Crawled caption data
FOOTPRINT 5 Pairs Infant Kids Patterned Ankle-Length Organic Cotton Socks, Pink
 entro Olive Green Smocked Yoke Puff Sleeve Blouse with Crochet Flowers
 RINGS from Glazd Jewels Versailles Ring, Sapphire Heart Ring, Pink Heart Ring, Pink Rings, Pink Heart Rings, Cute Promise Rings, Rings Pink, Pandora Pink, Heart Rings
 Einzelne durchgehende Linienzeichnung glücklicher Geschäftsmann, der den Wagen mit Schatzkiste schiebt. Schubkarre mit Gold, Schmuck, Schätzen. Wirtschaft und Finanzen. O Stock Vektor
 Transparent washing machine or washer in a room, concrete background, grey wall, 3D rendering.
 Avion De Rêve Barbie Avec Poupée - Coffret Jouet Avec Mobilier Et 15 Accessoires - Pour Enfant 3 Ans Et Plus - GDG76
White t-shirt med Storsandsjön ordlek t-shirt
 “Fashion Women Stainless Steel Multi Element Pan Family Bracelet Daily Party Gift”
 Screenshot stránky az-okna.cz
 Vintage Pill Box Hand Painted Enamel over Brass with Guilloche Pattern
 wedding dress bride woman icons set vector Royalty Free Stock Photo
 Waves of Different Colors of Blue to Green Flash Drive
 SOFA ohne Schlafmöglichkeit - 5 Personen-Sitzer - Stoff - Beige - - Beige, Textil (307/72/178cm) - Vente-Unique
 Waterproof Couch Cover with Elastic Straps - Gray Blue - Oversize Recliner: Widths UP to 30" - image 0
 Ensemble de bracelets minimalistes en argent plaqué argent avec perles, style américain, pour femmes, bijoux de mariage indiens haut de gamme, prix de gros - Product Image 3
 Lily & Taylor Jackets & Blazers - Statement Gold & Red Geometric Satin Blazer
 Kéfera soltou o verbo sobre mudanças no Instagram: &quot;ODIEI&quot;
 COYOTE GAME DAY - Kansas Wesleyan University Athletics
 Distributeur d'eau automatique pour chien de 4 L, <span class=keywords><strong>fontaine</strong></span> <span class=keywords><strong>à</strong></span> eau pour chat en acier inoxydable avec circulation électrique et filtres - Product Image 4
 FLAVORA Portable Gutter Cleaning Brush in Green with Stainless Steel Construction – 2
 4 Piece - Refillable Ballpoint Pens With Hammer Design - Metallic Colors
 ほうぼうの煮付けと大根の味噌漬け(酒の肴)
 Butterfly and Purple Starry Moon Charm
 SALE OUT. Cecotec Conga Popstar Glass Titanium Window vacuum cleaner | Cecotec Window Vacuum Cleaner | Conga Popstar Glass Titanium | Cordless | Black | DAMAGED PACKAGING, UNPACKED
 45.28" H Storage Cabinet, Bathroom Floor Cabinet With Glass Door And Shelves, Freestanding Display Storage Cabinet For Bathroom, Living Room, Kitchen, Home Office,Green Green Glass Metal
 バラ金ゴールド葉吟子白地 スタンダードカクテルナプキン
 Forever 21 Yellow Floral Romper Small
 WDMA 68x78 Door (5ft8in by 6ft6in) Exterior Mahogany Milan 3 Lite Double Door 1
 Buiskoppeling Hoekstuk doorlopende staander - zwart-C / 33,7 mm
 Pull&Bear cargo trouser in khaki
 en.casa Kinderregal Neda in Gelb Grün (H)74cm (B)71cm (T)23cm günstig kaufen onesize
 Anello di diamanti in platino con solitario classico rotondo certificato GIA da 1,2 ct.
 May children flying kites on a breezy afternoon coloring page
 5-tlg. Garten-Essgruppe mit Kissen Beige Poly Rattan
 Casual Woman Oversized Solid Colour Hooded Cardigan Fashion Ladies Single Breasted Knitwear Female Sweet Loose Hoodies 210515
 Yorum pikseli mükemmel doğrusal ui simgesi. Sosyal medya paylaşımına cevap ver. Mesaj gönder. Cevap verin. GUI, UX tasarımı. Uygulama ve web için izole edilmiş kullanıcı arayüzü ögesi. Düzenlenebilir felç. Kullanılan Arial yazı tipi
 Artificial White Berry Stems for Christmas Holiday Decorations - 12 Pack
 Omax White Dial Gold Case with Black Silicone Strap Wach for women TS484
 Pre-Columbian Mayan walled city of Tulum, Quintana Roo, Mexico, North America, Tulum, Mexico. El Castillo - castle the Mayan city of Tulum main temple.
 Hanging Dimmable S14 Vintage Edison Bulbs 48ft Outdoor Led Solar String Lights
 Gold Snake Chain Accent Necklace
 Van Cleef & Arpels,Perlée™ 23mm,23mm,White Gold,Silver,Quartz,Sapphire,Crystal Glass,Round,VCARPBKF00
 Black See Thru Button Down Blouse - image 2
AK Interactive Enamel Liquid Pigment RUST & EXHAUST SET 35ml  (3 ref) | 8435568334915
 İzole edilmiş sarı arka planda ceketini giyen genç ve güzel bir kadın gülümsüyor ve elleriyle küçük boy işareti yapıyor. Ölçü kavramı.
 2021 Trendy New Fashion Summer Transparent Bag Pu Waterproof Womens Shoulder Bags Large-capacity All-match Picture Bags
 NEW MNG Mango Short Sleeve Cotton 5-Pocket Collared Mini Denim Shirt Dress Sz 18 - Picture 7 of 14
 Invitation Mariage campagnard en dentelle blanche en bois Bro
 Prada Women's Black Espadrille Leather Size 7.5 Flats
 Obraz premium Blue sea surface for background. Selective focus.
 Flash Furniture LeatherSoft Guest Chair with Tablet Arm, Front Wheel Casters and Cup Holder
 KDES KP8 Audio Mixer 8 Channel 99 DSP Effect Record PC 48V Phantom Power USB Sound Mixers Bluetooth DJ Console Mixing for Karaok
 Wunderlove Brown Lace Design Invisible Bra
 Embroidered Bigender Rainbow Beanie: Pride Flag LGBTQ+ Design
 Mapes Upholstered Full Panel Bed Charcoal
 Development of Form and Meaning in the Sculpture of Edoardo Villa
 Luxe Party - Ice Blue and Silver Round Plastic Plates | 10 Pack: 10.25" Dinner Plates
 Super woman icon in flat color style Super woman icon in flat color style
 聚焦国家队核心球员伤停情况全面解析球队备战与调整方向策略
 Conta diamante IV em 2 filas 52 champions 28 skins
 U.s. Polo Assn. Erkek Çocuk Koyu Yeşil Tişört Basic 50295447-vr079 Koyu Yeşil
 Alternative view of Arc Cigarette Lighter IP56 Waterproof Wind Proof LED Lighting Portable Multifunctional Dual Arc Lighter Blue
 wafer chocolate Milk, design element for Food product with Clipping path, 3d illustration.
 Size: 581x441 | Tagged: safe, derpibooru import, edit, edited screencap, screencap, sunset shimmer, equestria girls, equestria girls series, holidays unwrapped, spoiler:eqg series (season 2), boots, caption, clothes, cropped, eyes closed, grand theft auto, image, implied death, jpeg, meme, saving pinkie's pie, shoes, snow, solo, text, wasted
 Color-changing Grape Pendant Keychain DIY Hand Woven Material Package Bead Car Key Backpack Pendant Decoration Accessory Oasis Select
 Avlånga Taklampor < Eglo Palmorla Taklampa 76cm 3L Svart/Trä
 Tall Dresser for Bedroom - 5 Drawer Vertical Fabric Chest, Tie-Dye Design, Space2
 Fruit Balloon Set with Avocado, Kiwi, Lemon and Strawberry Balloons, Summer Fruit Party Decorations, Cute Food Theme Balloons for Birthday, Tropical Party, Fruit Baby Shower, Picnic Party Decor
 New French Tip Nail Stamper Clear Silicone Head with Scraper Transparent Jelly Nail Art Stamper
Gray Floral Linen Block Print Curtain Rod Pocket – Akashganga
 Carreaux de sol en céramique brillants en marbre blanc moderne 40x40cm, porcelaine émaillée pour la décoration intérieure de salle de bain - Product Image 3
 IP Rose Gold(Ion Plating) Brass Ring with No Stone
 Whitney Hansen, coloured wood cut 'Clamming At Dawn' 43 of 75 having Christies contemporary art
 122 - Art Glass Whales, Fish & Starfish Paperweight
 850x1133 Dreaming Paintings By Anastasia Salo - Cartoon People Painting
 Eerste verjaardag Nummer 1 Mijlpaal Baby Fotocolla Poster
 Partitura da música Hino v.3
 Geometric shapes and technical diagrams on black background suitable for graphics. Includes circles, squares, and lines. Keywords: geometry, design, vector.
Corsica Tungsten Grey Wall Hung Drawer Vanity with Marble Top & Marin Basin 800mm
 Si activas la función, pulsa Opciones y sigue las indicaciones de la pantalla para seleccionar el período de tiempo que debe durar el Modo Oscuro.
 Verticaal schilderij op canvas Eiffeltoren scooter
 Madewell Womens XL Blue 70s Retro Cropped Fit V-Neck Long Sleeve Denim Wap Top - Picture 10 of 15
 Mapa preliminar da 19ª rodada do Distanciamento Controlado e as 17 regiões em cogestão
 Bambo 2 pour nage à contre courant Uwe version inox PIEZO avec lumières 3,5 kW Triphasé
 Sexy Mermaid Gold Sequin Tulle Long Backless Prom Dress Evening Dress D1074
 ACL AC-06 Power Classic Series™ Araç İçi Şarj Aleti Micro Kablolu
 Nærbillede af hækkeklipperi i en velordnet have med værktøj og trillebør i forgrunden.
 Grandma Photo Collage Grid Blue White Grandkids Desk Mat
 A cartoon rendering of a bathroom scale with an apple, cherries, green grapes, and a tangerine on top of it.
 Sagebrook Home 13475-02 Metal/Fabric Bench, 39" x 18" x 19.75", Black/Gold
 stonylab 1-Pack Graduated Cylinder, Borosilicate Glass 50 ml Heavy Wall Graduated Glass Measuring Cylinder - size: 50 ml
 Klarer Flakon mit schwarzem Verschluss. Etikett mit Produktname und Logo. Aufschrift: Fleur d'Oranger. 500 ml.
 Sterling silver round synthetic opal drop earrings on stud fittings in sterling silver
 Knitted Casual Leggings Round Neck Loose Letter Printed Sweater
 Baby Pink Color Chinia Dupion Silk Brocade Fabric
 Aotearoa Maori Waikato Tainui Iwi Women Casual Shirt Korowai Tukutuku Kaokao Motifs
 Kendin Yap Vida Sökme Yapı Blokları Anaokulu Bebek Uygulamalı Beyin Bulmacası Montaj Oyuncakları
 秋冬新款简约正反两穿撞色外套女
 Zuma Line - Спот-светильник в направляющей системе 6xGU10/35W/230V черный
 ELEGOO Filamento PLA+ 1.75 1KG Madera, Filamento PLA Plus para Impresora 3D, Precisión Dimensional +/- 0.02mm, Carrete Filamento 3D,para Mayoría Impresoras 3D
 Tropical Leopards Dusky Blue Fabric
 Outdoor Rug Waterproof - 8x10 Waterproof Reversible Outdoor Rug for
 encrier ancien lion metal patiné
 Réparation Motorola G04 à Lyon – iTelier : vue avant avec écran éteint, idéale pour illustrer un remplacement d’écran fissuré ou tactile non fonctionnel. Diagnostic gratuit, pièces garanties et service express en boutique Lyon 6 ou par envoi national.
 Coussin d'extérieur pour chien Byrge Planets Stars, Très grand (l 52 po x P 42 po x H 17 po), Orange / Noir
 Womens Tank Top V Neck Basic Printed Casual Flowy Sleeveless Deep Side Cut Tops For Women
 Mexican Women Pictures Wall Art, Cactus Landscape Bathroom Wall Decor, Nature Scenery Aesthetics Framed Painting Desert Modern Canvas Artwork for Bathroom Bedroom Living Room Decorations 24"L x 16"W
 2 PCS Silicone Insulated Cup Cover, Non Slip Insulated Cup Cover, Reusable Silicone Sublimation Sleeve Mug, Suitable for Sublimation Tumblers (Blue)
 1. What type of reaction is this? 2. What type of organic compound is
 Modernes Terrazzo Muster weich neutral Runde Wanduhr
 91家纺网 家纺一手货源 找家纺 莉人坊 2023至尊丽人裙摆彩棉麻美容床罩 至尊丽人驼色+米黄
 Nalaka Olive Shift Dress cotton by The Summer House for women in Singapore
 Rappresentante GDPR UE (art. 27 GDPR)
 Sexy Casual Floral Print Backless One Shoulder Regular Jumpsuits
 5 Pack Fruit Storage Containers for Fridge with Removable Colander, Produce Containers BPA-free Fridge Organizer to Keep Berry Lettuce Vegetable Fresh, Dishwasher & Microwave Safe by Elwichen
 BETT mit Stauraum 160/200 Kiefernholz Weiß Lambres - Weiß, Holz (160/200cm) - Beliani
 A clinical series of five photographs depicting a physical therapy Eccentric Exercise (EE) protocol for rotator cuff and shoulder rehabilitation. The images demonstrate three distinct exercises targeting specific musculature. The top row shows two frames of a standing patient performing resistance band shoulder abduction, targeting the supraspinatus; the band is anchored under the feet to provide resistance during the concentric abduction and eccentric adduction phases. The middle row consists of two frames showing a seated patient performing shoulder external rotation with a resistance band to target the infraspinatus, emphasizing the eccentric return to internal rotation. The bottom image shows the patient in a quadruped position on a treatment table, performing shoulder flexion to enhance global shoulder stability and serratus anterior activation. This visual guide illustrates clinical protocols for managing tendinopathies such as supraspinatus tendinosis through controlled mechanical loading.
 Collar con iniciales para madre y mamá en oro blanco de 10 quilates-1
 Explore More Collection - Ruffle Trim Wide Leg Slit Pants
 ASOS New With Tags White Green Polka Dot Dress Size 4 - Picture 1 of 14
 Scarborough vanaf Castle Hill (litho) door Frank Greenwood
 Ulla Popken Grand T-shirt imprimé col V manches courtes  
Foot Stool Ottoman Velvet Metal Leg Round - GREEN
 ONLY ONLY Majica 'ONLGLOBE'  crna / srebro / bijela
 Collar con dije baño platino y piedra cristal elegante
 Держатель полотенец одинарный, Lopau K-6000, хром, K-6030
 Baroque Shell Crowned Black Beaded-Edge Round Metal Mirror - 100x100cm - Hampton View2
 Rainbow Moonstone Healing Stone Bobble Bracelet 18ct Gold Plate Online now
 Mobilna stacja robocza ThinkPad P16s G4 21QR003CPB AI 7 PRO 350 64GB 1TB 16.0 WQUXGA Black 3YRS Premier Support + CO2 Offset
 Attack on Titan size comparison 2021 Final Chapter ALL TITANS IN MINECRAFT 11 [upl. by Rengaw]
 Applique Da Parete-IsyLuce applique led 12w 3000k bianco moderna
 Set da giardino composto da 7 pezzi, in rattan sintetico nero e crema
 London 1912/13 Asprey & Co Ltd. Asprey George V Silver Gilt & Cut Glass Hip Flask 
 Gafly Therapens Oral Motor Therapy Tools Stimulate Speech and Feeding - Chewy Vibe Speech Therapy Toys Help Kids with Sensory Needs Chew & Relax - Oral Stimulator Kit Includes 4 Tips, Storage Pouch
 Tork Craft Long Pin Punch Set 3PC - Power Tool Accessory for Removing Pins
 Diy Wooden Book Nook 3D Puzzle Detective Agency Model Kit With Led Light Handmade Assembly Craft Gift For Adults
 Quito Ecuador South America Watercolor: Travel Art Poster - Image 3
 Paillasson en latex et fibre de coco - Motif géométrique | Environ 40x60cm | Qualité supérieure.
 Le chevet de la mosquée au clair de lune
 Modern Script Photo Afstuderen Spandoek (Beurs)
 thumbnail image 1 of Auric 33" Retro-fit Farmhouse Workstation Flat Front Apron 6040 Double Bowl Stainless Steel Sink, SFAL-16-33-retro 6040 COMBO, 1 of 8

** Aim of the exercise **
Above are the entries; copy every line among them that contains the word "Storage".

** Written solution **
 45.28" H Storage Cabinet, Bathroom Floor Cabinet With Glass Door And Shelves, Freestanding Display Storage Cabinet For Bathroom, Living Room, Kitchen, Home Office,Green Green Glass Metal
 5 Pack Fruit Storage Containers for Fridge with Removable Colander, Produce Containers BPA-free Fridge Organizer to Keep Berry Lettuce Vegetable Fresh, Dishwasher & Microwave Safe by Elwichen
 Gafly Therapens Oral Motor Therapy Tools Stimulate Speech and Feeding - Chewy Vibe Speech Therapy Toys Help Kids with Sensory Needs Chew & Relax - Oral Stimulator Kit Includes 4 Tips, Storage Pouch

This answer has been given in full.